約3000億ドル(約33兆円)の負債を抱える不動産大手・中国恒大集団に破綻の危機が迫り、世界の投資家に動揺が広がっている。アナリストらの関心は、中国政府が問題をうまく封じ込め、西側諸国がかつて経験したような巨大な金融危機に発展するのを防げるかどうかに絞られている。
しかし金融の目先の安定ばかりに関心が集中すると、中国が直面するもっと大きな問題を見落とすことにもなりかねない。中国は雇用と経済成長をあまりにも長く不動産投資に頼ってきたため、その修正が避けられなくなっている。

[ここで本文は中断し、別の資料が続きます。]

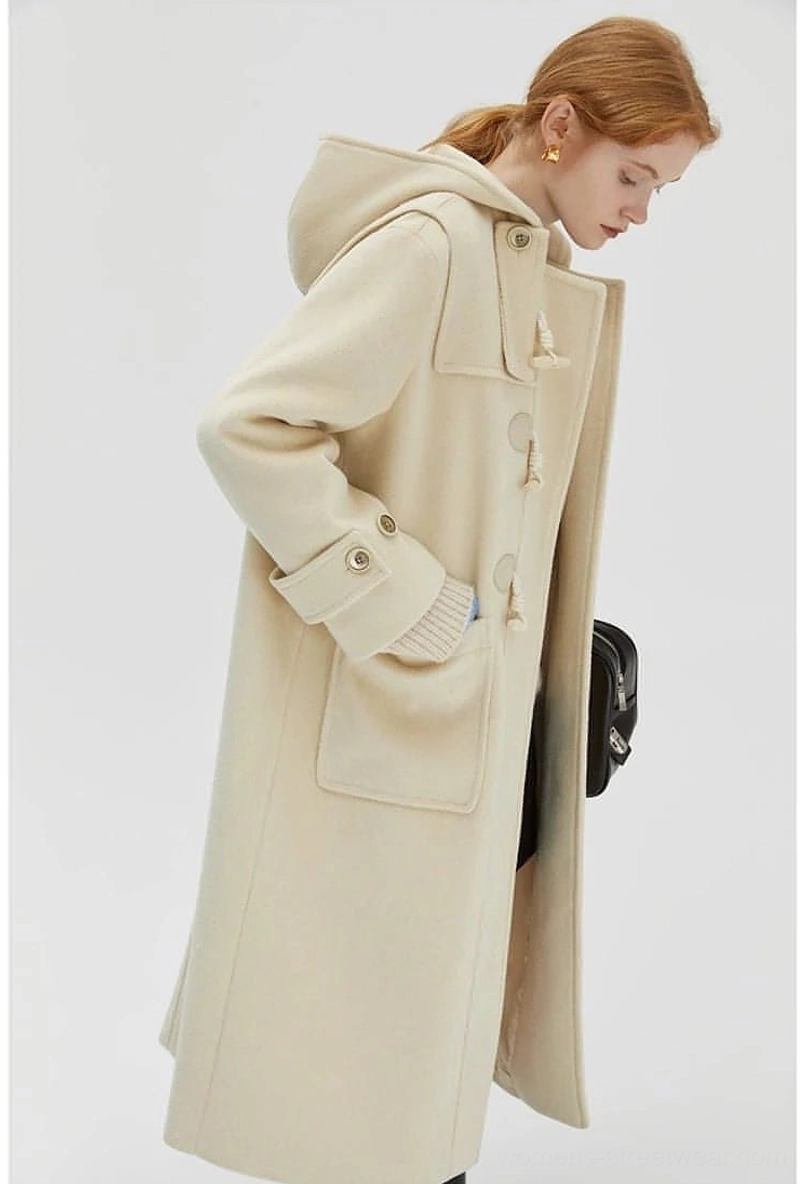 Duffle coat cuff detail showing adjustable metal buttons and sleeve fit customization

中国の国内総生産(GDP)に占める不動産および関連サービスの比率は25%と突出している。2008年の世界金融危機前にスペインとアイルランドがつけたピークをも上回る水準だ。不動産セクターが急減速すれば、他部門に対する波及効果の大きさからして、GDPの累積成長率はわずか数年で軽く5~10%削り取られてもおかしくない。
依存体質という病
さらに、資本統制で国民の国外投資が規制されている中国では、不動産が資産形成の道具として圧倒的に重要な位置を占めている。そのため、不動産価格が急落すれば、国民に不満が広がるだけでなく、ほかの財やサービスの消費も大きく落ち込むおそれがある。